Fast-forward to the next century and Donald Trump’s stances on immigration similarly carry racial insinuations, albeit with a (slightly) more veiled approach. On his announcement speech, which would lay out the ideological foundation of his campaign, he famously stated:
When Mexico sends its people, they’re not sending their best. They’re not sending you. They’re not sending you. They’re sending people that have lots of problems, and they’re bringing those problems with us. They’re bringing drugs. They’re bringing crime. They’re rapists. And some, I assume, are good people.
The implications are clear: It is not “you” that Mexico is sending. It’s Mexicans, and they’re rapists and drug dealers. This junction of nationalism with xenophobia is characteristic of the flavor of populism practiced by Vargas, and history seems to once again be repeating itself.

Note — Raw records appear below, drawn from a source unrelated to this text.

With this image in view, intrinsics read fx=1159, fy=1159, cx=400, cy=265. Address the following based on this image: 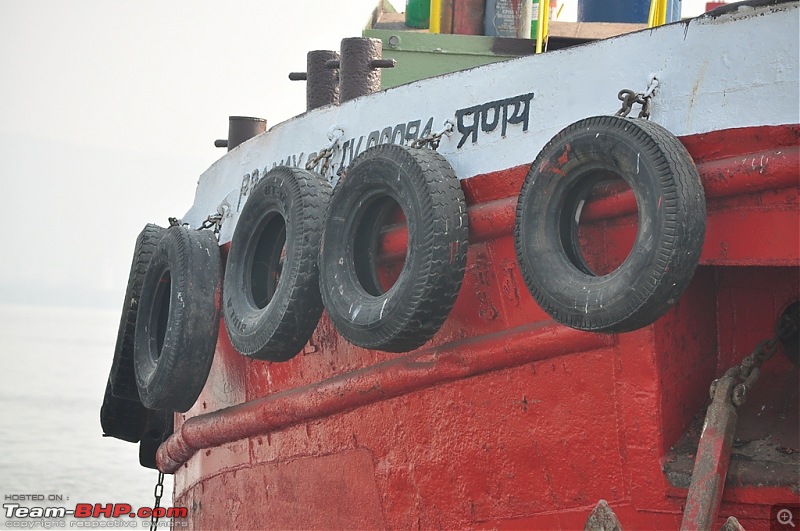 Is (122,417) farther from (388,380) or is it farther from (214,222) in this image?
(388,380)

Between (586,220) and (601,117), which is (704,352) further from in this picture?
(601,117)

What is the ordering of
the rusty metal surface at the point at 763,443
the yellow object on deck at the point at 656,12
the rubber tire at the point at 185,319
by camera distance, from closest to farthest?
1. the rusty metal surface at the point at 763,443
2. the yellow object on deck at the point at 656,12
3. the rubber tire at the point at 185,319

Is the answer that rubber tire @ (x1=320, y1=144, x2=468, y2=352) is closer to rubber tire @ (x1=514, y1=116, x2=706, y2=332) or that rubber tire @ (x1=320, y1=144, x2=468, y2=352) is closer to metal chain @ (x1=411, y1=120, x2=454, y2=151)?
metal chain @ (x1=411, y1=120, x2=454, y2=151)

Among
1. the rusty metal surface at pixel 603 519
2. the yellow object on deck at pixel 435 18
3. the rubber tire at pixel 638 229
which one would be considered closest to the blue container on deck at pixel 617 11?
the yellow object on deck at pixel 435 18

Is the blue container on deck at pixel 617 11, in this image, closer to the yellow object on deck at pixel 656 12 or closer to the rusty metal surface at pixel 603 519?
the yellow object on deck at pixel 656 12

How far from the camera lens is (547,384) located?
4.15 meters

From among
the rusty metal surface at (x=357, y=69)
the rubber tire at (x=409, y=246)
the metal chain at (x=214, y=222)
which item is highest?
the rusty metal surface at (x=357, y=69)

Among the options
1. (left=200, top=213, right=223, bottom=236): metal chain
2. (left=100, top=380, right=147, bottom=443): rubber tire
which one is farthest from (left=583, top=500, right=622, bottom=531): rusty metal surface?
(left=100, top=380, right=147, bottom=443): rubber tire

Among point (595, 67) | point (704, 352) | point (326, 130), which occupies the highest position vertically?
point (326, 130)

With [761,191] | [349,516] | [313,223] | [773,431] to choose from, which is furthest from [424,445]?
[761,191]

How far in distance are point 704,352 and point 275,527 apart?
242 cm

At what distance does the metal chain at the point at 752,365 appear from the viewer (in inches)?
147

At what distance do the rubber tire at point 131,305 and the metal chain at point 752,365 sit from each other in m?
3.42

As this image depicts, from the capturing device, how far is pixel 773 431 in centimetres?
387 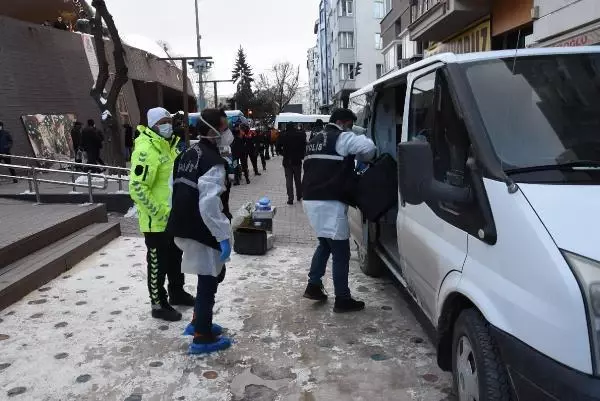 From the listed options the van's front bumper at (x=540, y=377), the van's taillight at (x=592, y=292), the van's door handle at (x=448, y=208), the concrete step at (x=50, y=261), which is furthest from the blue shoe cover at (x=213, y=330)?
the van's taillight at (x=592, y=292)

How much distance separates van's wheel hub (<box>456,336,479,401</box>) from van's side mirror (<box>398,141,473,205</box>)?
2.42 feet

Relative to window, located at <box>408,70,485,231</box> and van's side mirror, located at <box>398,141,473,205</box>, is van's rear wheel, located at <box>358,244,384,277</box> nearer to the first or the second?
window, located at <box>408,70,485,231</box>

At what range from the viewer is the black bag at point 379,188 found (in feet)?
14.6

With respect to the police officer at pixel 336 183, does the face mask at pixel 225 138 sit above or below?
above

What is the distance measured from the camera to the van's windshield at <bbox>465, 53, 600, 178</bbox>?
8.57ft

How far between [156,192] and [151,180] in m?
0.13

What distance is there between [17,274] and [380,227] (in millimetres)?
3758

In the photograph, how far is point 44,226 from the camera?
692 centimetres

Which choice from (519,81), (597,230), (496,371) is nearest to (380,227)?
(519,81)

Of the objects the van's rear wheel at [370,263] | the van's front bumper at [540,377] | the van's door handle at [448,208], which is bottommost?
the van's rear wheel at [370,263]

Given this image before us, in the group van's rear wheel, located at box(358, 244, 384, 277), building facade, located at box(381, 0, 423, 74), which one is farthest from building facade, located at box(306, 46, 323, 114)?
van's rear wheel, located at box(358, 244, 384, 277)

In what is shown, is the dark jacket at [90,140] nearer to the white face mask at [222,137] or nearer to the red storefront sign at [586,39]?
the red storefront sign at [586,39]

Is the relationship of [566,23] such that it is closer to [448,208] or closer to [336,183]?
[336,183]

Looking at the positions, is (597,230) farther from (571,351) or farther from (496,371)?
(496,371) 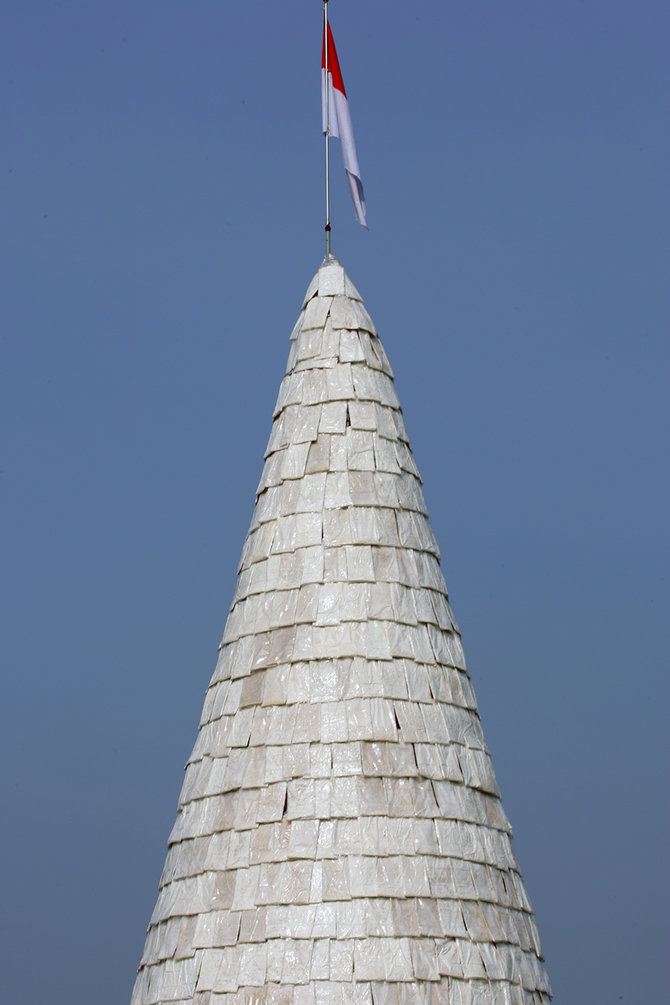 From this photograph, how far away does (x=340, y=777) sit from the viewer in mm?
11172

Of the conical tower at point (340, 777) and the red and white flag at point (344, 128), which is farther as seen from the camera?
the red and white flag at point (344, 128)

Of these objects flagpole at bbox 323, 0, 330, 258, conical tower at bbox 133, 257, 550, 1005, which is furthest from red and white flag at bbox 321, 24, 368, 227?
conical tower at bbox 133, 257, 550, 1005

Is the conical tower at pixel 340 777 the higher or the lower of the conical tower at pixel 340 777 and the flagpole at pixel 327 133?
the lower

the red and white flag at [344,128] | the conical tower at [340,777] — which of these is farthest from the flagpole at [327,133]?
the conical tower at [340,777]

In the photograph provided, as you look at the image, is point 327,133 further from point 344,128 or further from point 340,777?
point 340,777

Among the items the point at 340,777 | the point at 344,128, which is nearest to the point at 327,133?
the point at 344,128

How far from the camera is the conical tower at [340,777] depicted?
1072cm

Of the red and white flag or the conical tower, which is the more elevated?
the red and white flag

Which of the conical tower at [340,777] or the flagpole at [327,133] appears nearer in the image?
the conical tower at [340,777]

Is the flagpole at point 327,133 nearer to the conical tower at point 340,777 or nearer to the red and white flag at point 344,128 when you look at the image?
the red and white flag at point 344,128

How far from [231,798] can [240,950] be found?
1201mm

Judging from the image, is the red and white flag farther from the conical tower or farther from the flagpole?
the conical tower

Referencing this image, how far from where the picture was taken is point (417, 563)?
12336 mm

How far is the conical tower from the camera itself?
10.7 m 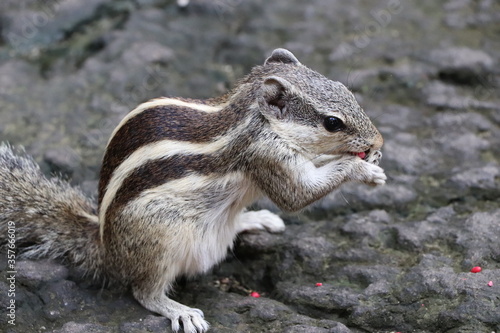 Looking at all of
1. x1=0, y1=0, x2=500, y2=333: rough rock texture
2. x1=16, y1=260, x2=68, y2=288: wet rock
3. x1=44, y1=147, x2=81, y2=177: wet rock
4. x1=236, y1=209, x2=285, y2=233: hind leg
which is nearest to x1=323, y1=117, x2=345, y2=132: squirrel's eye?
x1=0, y1=0, x2=500, y2=333: rough rock texture

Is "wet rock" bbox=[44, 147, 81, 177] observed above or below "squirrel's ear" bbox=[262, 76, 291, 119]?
below

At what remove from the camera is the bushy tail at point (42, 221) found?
163 inches

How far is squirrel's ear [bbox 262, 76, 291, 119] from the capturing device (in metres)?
3.96

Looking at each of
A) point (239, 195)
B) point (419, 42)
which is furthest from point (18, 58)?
point (419, 42)

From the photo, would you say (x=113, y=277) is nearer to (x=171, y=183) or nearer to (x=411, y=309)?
(x=171, y=183)

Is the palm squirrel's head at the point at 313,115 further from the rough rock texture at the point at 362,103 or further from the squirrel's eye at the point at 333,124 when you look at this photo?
the rough rock texture at the point at 362,103

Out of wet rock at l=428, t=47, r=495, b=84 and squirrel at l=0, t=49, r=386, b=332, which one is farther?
wet rock at l=428, t=47, r=495, b=84

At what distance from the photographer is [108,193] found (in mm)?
4035

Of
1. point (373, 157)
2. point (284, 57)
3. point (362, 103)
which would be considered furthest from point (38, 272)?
point (362, 103)

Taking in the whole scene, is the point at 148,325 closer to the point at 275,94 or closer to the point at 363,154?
the point at 275,94

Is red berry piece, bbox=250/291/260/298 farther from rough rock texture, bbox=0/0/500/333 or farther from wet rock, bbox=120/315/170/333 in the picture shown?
wet rock, bbox=120/315/170/333

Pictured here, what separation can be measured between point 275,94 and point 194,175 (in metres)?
0.68

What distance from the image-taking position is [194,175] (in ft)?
13.1

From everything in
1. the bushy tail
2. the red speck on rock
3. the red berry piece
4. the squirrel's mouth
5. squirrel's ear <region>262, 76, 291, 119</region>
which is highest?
squirrel's ear <region>262, 76, 291, 119</region> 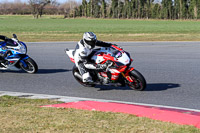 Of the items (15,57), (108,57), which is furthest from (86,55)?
(15,57)

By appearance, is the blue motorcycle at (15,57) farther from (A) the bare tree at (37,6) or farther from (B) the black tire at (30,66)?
(A) the bare tree at (37,6)

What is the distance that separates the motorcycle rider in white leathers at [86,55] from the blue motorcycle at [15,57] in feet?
10.2

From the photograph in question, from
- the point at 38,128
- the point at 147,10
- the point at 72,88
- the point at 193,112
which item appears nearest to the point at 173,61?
the point at 72,88

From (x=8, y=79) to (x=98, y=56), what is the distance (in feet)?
11.6

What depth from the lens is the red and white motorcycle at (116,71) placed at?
29.8 feet

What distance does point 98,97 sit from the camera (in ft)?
29.8

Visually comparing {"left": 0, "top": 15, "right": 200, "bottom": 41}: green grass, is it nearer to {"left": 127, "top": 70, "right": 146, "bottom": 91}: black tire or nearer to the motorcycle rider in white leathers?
the motorcycle rider in white leathers

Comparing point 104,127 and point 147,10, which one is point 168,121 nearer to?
point 104,127

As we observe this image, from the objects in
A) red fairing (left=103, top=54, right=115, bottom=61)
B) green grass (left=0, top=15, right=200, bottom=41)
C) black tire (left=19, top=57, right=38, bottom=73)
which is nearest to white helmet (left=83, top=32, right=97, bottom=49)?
red fairing (left=103, top=54, right=115, bottom=61)

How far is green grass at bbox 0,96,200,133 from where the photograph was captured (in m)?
5.67

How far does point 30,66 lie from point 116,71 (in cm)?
415

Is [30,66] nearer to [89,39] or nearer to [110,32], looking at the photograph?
[89,39]

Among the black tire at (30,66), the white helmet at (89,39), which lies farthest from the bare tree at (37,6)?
the white helmet at (89,39)

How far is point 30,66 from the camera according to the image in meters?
12.5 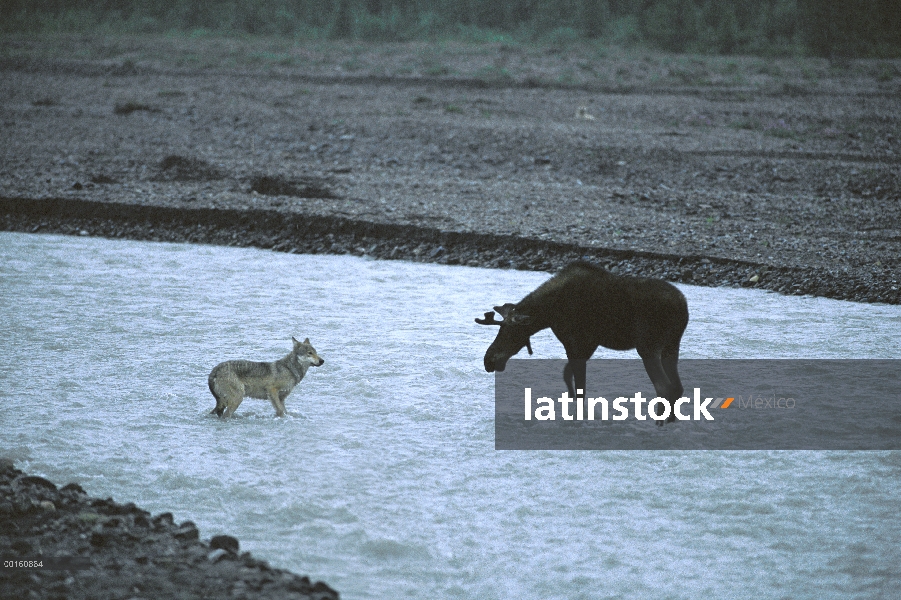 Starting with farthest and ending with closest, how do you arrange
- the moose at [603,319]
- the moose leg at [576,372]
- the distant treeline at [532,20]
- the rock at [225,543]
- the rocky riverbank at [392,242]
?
the distant treeline at [532,20] < the rocky riverbank at [392,242] < the moose leg at [576,372] < the moose at [603,319] < the rock at [225,543]

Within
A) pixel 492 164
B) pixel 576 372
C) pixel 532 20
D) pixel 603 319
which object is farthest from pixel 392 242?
pixel 532 20

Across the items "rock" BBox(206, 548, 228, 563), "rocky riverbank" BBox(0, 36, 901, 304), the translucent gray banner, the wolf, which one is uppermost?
"rocky riverbank" BBox(0, 36, 901, 304)

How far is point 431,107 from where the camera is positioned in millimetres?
22062

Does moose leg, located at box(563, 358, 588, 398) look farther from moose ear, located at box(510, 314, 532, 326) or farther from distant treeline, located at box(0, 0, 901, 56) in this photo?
distant treeline, located at box(0, 0, 901, 56)

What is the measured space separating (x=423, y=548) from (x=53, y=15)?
41.7 metres

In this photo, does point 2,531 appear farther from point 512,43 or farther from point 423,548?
point 512,43

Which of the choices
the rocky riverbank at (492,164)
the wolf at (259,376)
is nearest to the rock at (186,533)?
the wolf at (259,376)

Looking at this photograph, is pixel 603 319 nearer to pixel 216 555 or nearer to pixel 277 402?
pixel 277 402

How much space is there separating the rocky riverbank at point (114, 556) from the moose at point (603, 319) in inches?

Trump supporter and professional controversy stirrer Ann Coulter recently released a new anti-immigration book called “Adios, America: The Left’s Plan to Turn Our Country Into a Third World Hellhole”. Never mind the charming title, it is ironic that American politics are becoming more Latin American not because of “the left”, but because of Trump himself. Due to his rhetoric, this election cycle has approximated Latin American politics, particularly from the 20th Century, more than any other.
Yes, America is still America: if Trump loses, he is not going to march down Pennsylvania Av. to depose Hillary Clinton; the institutions that maintain stability in the United States are still strong and functioning. However, the way American politics are conducted is undergoing significant changes, and this new direction, if further pursued by the American people come this November, might ultimately compromise some of those very ideals America was founded upon; a Trump presidency could mean the beginning of a transition to a new America, populism-inclined and unconcerned with classical liberal values.